Re: [Patch] Another small memattr fix.
- From: Don Howard <dhoward at redhat dot com>
- To: Andrew Cagney <ac131313 at cygnus dot com>
- Cc: Kevin Buettner <kevinb at redhat dot com>, <gdb-patches at sources dot redhat dot com>
- Date: Mon, 17 Jun 2002 10:46:28 -0700 (PDT)
- Subject: Re: [Patch] Another small memattr fix.
On Sat, 15 Jun 2002, Andrew Cagney wrote:
>
> >> I can think of three alternatives:
> >>
> >> [base, bound)
> >> [base, bound]
> >> [base, base+size-1)
>
> Try [base, base+(size-1)]
>
> (and the paren are important :-)
>
> >>
> >> The first one is what the doco says and has been there for a while so I
> >> don't think that changing it is a good idea.
> >>
> >> Internally, I suspect base+size-1 is the best representation. However,
> >> for the user interface, is there anything that really says that:
> >>
> >> mem 0xfffffff0 0
> >>
> >> is either illegal or poorly defined?
> >
> >
> >
> > The fact that the first bound is inclusive and the second is exclusive
> > implies that to me. Also, the current implemntation enforces it.
>
> Don, sorry, I'm not sure what you mean here.
The first bound == lower bound, second == upper (in the current
implementation). The first/lower is included in the range, while the
second/upper is excluded.
I suppose it's gdb could allow the upper or the low in either position,
but this would be susceptible to the overflow problem.
> > How's this: let the parser find the size of the region for us:
> >
> > labs (parse_and_evaluate_long (tok1 " - " tok2));
>
> I think it is better to evaluate low/high and then compute the range
> directly.
>
This is where the maxint problem shows up, and is precisely what I was
trying to avoid. There is no way to detect overflow.
> I wouldn't trust the above expression to always do what you want.

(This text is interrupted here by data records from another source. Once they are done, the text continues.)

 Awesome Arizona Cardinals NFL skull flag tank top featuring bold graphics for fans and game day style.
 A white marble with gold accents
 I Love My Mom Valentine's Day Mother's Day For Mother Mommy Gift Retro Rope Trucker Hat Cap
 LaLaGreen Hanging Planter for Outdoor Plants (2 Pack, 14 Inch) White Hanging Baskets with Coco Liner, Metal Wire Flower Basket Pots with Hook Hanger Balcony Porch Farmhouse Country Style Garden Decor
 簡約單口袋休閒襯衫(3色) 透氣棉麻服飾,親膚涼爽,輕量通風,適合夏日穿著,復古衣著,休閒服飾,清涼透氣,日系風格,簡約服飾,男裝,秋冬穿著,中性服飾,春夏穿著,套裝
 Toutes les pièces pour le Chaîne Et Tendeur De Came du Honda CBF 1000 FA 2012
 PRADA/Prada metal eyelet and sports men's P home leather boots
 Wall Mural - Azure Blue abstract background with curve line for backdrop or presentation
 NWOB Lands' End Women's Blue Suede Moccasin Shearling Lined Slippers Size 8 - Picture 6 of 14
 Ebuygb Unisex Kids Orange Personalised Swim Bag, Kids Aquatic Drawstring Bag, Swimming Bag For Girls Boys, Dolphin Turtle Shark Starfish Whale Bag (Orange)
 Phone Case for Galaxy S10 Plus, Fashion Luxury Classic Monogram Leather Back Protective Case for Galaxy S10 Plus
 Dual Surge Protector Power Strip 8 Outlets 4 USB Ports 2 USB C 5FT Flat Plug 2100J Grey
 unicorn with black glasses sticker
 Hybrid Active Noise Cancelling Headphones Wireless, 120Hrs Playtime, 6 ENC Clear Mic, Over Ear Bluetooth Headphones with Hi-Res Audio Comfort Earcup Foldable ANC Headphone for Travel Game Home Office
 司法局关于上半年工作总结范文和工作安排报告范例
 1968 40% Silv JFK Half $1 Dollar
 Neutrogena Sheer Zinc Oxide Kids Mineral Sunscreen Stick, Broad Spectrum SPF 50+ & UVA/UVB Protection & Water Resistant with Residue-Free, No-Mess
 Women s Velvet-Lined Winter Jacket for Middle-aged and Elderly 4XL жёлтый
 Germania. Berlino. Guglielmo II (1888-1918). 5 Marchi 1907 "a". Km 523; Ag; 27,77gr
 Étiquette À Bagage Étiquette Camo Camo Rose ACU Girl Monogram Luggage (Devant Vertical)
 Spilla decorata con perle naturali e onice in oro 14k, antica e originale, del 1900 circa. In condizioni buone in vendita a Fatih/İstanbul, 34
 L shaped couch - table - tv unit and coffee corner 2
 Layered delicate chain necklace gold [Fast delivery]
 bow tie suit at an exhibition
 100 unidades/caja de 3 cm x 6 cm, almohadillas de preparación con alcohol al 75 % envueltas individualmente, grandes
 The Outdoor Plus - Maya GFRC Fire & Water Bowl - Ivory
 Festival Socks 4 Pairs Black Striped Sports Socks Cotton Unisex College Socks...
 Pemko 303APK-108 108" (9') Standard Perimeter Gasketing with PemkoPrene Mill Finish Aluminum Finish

When would it not? Maybe the string should be:
"(" tok1 ") - (" tok2 ")" ?
Is there something about the expression parser that I am missing?
>
> > That seems to avoid the max int problem. Then we can use base and size
> > as the internal representation.
>
> No matter what is done I think there will be an edge condition. For
> instance:
>
> [base, base+(size-1)]
>
> doesn't work very well when base==0 :-)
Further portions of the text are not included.